--- START ---

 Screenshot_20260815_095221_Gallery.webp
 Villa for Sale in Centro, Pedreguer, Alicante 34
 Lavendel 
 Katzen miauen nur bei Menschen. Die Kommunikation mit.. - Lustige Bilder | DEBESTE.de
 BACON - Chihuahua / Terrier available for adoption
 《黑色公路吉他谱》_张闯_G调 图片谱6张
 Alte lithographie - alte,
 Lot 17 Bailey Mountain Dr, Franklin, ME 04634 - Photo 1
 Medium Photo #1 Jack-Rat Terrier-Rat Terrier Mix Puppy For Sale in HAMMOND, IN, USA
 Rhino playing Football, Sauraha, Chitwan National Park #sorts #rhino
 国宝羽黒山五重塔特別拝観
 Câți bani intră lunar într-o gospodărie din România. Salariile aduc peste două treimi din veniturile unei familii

--- END ---

● **What is required**:
When a line in the material above contains the word "Terrier", copy that line out.

● **Written response**:
 BACON - Chihuahua / Terrier available for adoption
 Medium Photo #1 Jack-Rat Terrier-Rat Terrier Mix Puppy For Sale in HAMMOND, IN, USA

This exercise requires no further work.